■ REQUIRED WORK ■
Exactly as they stand, repeat the lines from the one containing "a woman with" through the final line of the listing, both ends included, and nothing else; skip the pictures.

■ PROVIDED MATERIAL ■
########

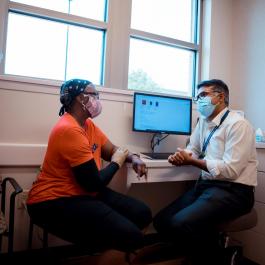 Dr. Mosalpuria with patient in exam room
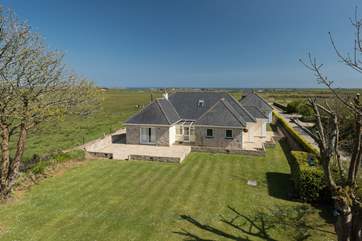 A bird's eye view of the house with the sea in the distance.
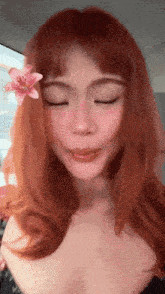 a woman with red hair and a flower in her hair is making a face .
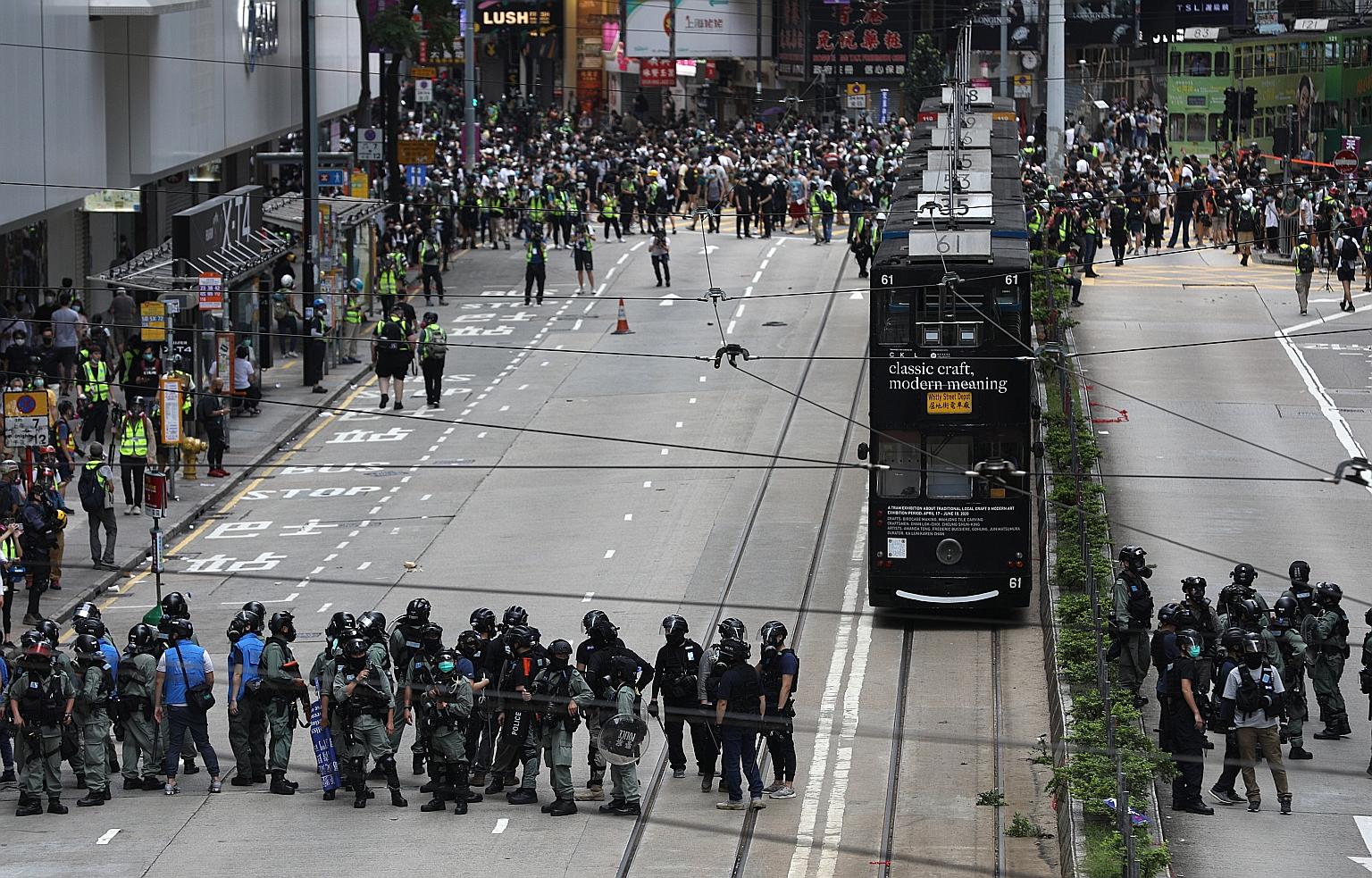 Protesters in a stand-off with riot police in Causeway Bay, Hong Kong, on Sunday. They were rallying against a proposed national security law that pro-democracy activists fear will limit rights and freedoms in the city, but which the Chinese governme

########

■ SOLUTION TO THIS PROBLEM ■
 a woman with red hair and a flower in her hair is making a face .
 Protesters in a stand-off with riot police in Causeway Bay, Hong Kong, on Sunday. They were rallying against a proposed national security law that pro-democracy activists fear will limit rights and freedoms in the city, but which the Chinese governme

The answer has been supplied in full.